2. Column Annotation
Each column in your uploaded table is represented as a card on this page. For each column, you can:
- Add a description
- Select the standardized variable that best describes the column from the dropdown (if a suitable match exists)
- Select the data type
- Choose "Categorical" if the column contains discrete values, "Continuous" if it contains numerical measurements, or leave it empty if neither applies
- Columns mapped to standardized variables will have their data type inferred automatically
When to manually select data type
We recommend manually selecting the data type in two cases:
- When your column doesn't match any standardized variable
- When your column matches the "Assessment tool" standardized variable (which does not have a predefined data type since it can represent multi-column measures)
2.1 Multi-column measure annotation
Info
This step is only available if you have mapped columns in your data table to the "Assessment tool" standardized variable.
The card on the right lists all columns from your data table that you have mapped to the "Assessment tool" standardized variable.
- Create a card for each assessment or instrument represented in your data by clicking and then selecting the name of the assessment from the dropdown list.
- If no suitable match exists, the available standardized vocabulary likely cannot currently represent your assessment.
- To avoid incomplete annotations, un-map any column(s) corresponding to missing assessments from the "Assessment tool" standardized variable using the button in the overview card.
- Select the column(s) that describe each assessment, grouping together related columns as needed, using the dropdown on the respective assessment card.

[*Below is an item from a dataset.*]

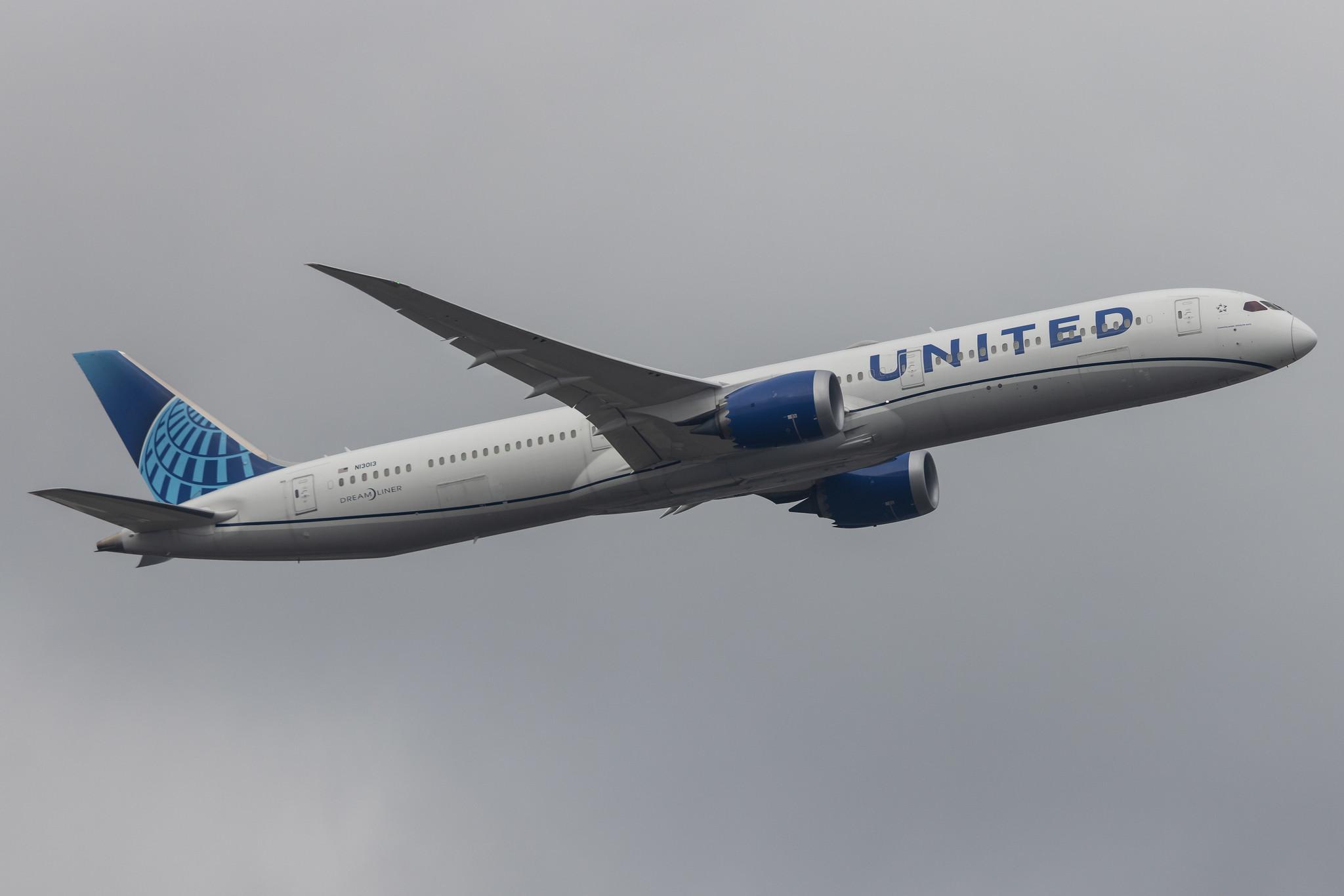 Frankfurt Airport: United Airlines (UA / UAL) |  Boeing 787-10 Dreamliner B78X | N13013 | MSN 40931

- You can check remaining, ungrouped columns in the overview on the right.
3. Value Annotation
The left sidebar displays the standardized variables that are represented in your tabular data, along with the column names that have been mapped to those variables.
Click on a standardized variable (or data type, for unannotated columns) subheading in the sidebar to display the columns corresponding to that variable (or data type). Then, in the column-level view on the right, navigate between the column tabs to annotate the values within each column.
Understanding sidebar sections
The sidebar organizes your columns by their annotation status:
- Annotated contains columns you have mapped to standardized variables
- Unannotated contains columns you have not mapped to a standardized variable
- Within this section, unannotated columns are organized based on whether you have assigned them a data type
Columns with continuous data
For a column containing continuous data, you can:
- Add a description of the units of measurement
- Select the format of the numerical values1
- Select "Mark as missing" for any values that represent missing, unavailable, or invalid data1
- Note: the column-level view will only display unique values in the column
Units vs. Format
Format refers to how the numbers in your data are structured (e.g., float
for decimal numbers like 25.5, int
for whole numbers like 25) whereas Units describe what the numbers represent (e.g., "years" for age, "points" for test scores, "mg/dL" for measurements).
Columns with categorical data
For a column containing categorical data, you will be prompted to annotate the unique values detected in the column. This includes any values that are blank (empty strings) or contain only whitespace.
For each unique column value, you can:
- Add a free-form description of the value
- Select a standardized term that best captures the meaning of the value1
- Select "Mark as missing" if the value:1
- indicates missing, unavailable, or invalid data
- OR, does not have a suitable match among the standardized term options
Warning
For the value annotation to be considered complete by Neurobagel, all unique values must either be mapped to a standardized term or marked as missing.
4. Download data dictionary
- Preview your annotated data dictionary
- Download the data dictionary
.json
file - Annotate a new dataset if desired
Tip
If you see a warning about "Incomplete Annotations", you will need to return to the Value Annotation page to complete any missing annotations before your data dictionary is valid for downstream Neurobagel tools.
Your downloaded data dictionary is BIDS-compatible and, if you see the confirmation that you have successfully created a Neurobagel data dictionary, it is ready to be used to generate data for a Neurobagel graph database.